Pre-operative plasma samples were also obtained from four AFPGC patients and twenty non-AFPGC patients with GC who underwent surgical resection at the University of Yamanashi Hospital between 2017 and 2018. Control plasma samples were collected from 12 healthy adult volunteers. A total of 5 mL blood samples were collected into ethylenediaminetetraacetic acid-coated tubes and immediately spun at 3000 rpm at 4°C for 10 min to separate serum, which was stored at -80°C for further processing. AFPGC was defined based on a plasma AFP level above 10 ng/mL or positive AFP immunoreactivity in tissue samples. This study was approved by the Ethics Committee of Yamanashi University and performed in accordance with the ethical standards of the Declaration of Helsinki and its amendments.
Formalin-fixed, paraffin-embedded tissue samples were cut into 10-µm-thick sections, and total RNA was extracted from tumor and normal gastric mucosa in each patient using RNeasy FFPE kit (Qiagen, Valencia, CA), according to the manufacturer’s protocol. In plasma samples, total RNA was extracted from 100 µL plasma using RNeasy Serum/Plasma kit (Qiagen), according to the manufacturer’s protocol.
Microarray analyses of the GC tissue samples were performed using 3D-Gene miRNA oligo chips (Toray Industries, Kamakura, Japan), with 2565 genes mounted onto each DNA chip. Results were compared between the AFP-positive and AFP-negative cells among AFPGC patient samples using macro-dissection. Tissue samples from the three AFPGC patients who underwent curative surgery were mixed equally. RNAs were labeled with the 3D-Gene miRNA labeling kit (Toray Industries). Fluorescent signals were scanned using a 3D-Gene scanner 3000 (Toray Industries) and analyzed with the 3D-Gene Extraction software (Toray Industries). In the current study, expression level of each miRNA was normalized using the median signal intensity of the all genes in each chip, and median signal intensity was adjusted to 25.
Levels of miRNAs were quantified by quantitative reverse transcription-polymerase chain reaction (qRT-PCR) using a Human TaqMan MicroRNA Assay kit (Applied Biosystems, Foster City, CA), according to standard procedures. Reverse transcription was conducted with a TaqMan MicroRNA Reverse Transcription kit (Applied Biosystems). Tissue miRNA levels were normalized to the endogenous control RNU6B, and plasma miRNA levels were normalized to a synthetic RNA oligonucleotide, cel-miR-39-3p (Qiagen), by spiking the samples with the oligonucleotide which does not exist in human genome.

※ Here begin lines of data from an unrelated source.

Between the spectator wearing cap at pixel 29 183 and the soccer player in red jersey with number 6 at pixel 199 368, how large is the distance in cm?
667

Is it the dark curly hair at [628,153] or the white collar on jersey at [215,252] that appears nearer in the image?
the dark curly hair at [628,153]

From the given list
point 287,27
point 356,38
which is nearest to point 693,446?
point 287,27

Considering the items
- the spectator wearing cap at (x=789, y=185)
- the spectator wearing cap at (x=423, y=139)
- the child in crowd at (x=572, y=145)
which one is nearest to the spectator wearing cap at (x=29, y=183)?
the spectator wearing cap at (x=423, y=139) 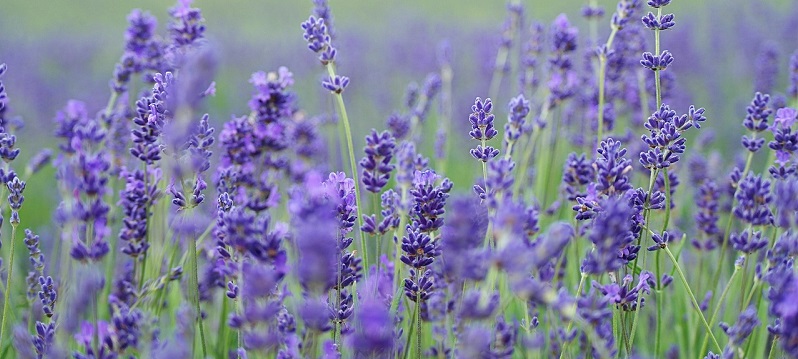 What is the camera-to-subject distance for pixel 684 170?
3.73 m

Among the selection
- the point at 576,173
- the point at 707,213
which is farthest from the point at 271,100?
the point at 707,213

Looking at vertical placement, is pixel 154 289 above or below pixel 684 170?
below

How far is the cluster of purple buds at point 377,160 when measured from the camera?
1.79 metres

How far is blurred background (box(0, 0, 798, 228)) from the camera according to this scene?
645 cm

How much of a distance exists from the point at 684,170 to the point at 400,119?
1478 millimetres

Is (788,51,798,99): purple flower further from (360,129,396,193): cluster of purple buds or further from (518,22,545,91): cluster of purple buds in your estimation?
(360,129,396,193): cluster of purple buds

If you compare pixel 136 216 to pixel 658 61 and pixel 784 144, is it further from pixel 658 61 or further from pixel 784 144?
pixel 784 144

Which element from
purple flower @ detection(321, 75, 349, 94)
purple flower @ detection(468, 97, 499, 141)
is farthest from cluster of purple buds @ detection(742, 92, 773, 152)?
purple flower @ detection(321, 75, 349, 94)

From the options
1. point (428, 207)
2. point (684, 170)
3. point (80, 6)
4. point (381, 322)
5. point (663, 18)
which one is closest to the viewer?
point (381, 322)

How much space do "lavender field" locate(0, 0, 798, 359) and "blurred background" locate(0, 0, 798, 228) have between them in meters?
1.16

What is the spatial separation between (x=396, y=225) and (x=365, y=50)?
743 centimetres

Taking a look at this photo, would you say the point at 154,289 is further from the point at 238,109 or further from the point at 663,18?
the point at 238,109

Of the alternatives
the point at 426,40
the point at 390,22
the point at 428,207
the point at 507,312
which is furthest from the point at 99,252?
the point at 390,22

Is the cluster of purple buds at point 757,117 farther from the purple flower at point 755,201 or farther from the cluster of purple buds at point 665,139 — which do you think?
the cluster of purple buds at point 665,139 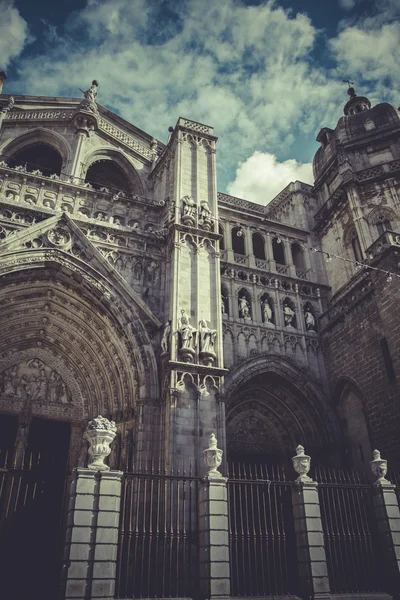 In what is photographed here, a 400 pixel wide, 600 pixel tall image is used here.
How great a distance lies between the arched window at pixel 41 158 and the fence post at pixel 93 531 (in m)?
15.7

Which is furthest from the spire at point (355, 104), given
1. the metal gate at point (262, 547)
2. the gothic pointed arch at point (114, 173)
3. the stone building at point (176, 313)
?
the metal gate at point (262, 547)

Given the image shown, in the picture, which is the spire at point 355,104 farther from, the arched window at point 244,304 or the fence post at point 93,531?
the fence post at point 93,531

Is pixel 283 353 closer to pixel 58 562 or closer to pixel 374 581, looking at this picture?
pixel 374 581

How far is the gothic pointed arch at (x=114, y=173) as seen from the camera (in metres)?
21.5

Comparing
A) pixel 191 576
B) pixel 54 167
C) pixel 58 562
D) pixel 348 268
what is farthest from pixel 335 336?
pixel 54 167

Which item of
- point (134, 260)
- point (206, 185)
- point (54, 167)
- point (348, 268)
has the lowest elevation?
point (134, 260)

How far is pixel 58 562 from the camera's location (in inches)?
487

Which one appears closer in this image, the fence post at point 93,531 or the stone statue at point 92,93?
the fence post at point 93,531

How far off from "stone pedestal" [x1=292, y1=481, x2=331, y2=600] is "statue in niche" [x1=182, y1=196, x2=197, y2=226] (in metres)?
10.4

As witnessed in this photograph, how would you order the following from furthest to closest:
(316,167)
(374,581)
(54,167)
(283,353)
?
(316,167) → (54,167) → (283,353) → (374,581)

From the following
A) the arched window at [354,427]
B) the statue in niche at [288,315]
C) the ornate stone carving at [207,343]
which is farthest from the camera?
the statue in niche at [288,315]

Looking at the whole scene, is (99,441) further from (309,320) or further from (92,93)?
(92,93)

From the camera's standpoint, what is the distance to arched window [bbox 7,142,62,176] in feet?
67.8

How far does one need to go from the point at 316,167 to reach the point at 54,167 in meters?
14.3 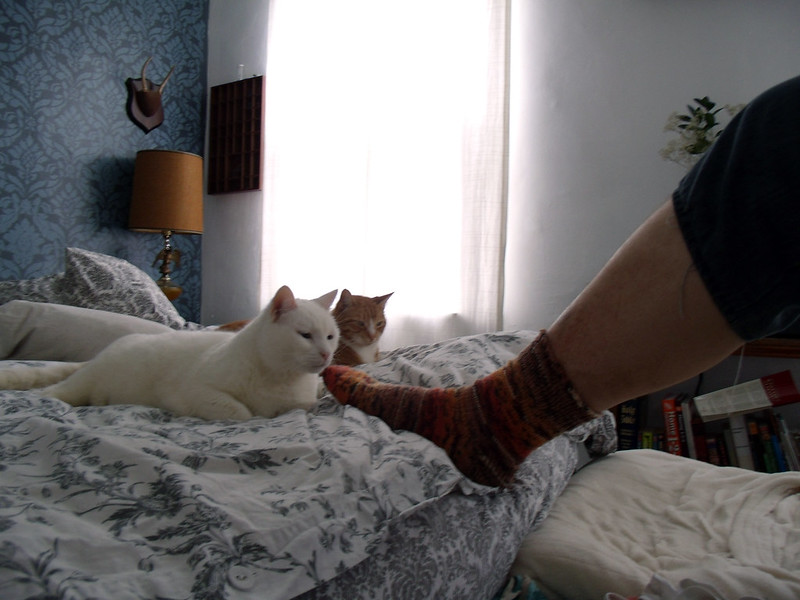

The following primers were used for the Taqman assay (Thermo Fisher Scientific, CA, United States): human hsa-miR-122-5p (cat #002245), hsa-miR-144-5p (cat #002148), hsa-miR-20a-5p (cat #000580), hsa-miR-20b-5p (cat #001014), hsa-miR-106a-5p (cat #000578), RNU6B (cat #001093), and cel-miR-39-3p (cat #000200). ΔCt values for all miRNAs relative to the control gene RNU6B and cel-miR-39-3p were determined. ΔΔCt values were calculated using mean ΔCt values in non-AFPGC tissue, normal gastric mucosa, or healthy volunteer plasma samples. Plasma miR-122-5p expression was calculated using log10(2-ΔCt).
Statistical significance was determined using GraphPad Prism® version 5 (San Diego, CA). Quantitative values were expressed as means ± SD unless noted otherwise. Statistical significance was evaluated using the Student’s t test and one-way analysis of variance for each time point, followed by Tukey’s post hoc test. Pearson’s correlation coefficient was determined to assess the correlation between plasma AFP and plasma miR-122-5p levels. P values < 0.05 were considered to indicate statistical significance.
We selected miRNA candidates using a miRNA array-based approach. We compared the expression levels of each miRNA between the AFP-positive and AFP-negative cells in AFPGC patients. Of the 2565 candidates analyzed, we selected the following five miRNAs: miR-122-5p, miR-20a-5p, miR-20b-5p, miR-106a-5p, and miR-144-5p. The expression levels of these selected miRNAs were significantly different in AFP-positive cells compared with the AFP-negative cells, and the signal intensity of each miRNA was sufficient (Table 1).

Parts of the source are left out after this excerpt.